* _Your goal_
Write every line below out again, exactly as given, but leave out the pictures.

* _Given information_
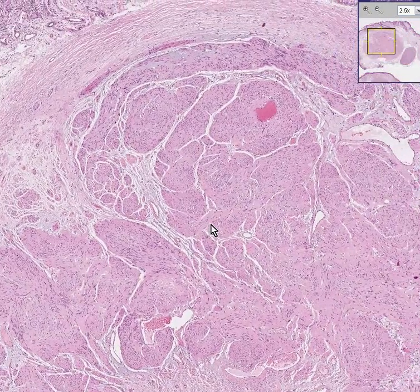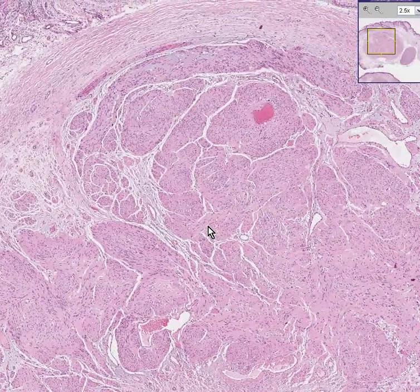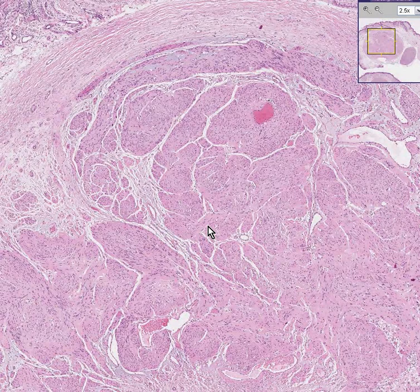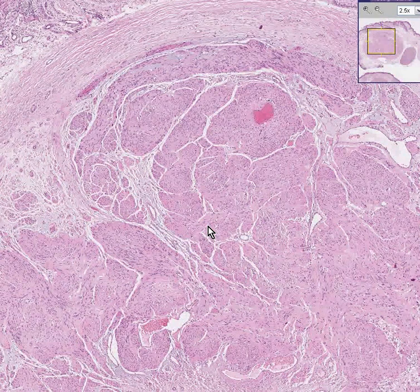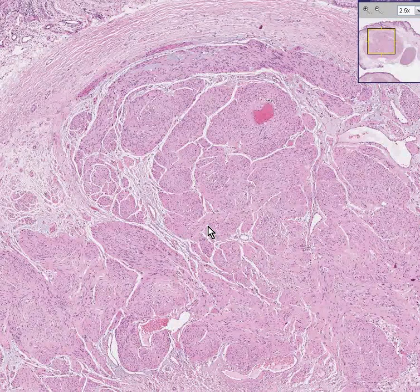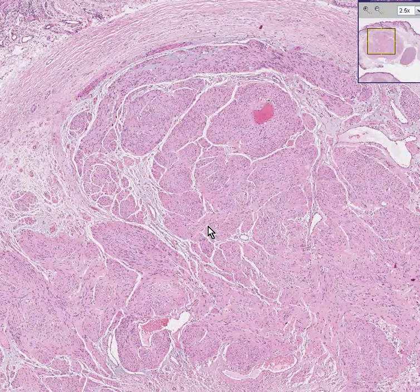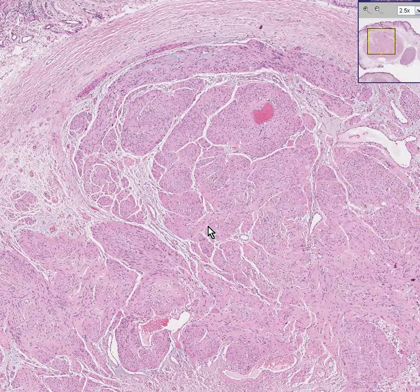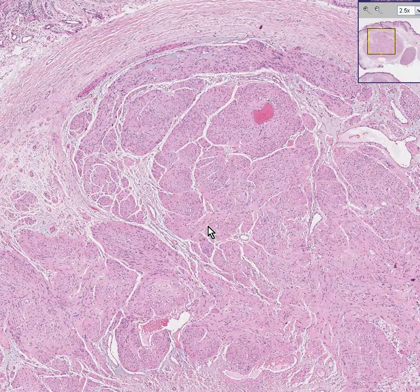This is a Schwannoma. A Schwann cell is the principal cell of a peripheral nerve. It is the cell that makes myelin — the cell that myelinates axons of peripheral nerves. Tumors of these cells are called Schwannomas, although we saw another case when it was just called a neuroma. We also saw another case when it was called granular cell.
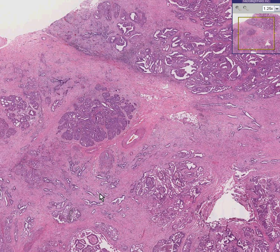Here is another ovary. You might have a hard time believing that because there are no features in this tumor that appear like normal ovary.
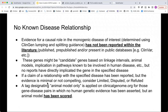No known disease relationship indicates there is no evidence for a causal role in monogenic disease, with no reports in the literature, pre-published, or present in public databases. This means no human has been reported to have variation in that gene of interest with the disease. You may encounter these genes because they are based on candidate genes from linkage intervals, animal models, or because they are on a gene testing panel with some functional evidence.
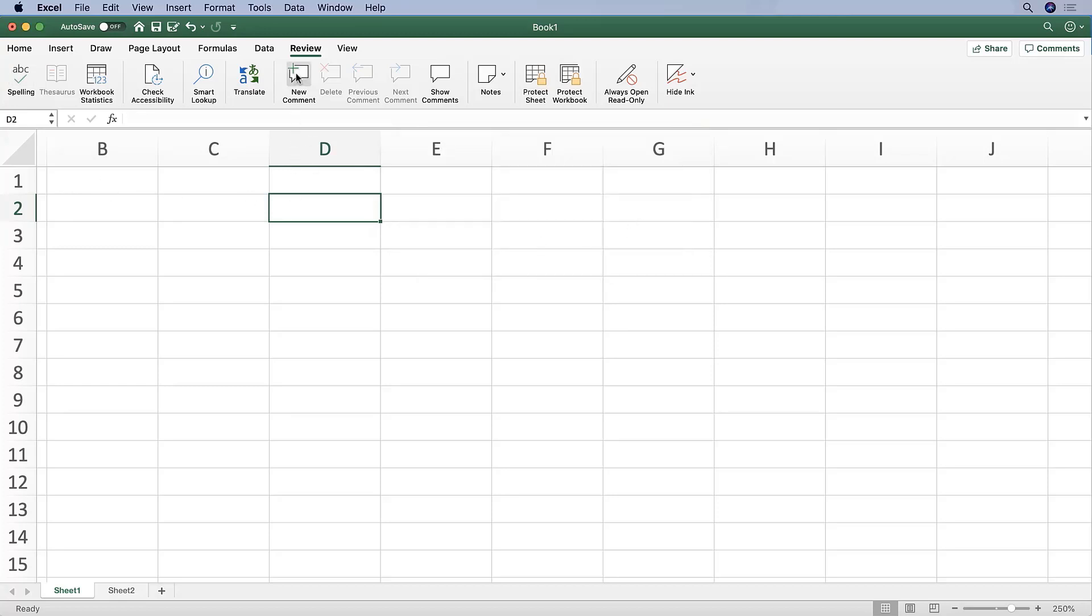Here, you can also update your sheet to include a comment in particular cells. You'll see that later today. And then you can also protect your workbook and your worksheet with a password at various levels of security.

* _Solution_
This is a Schwannoma. A Schwann cell is the principal cell of a peripheral nerve. It is the cell that makes myelin — the cell that myelinates axons of peripheral nerves. Tumors of these cells are called Schwannomas, although we saw another case when it was just called a neuroma. We also saw another case when it was called granular cell.
Here is another ovary. You might have a hard time believing that because there are no features in this tumor that appear like normal ovary.
No known disease relationship indicates there is no evidence for a causal role in monogenic disease, with no reports in the literature, pre-published, or present in public databases. This means no human has been reported to have variation in that gene of interest with the disease. You may encounter these genes because they are based on candidate genes from linkage intervals, animal models, or because they are on a gene testing panel with some functional evidence.
Here, you can also update your sheet to include a comment in particular cells. You'll see that later today. And then you can also protect your workbook and your worksheet with a password at various levels of security.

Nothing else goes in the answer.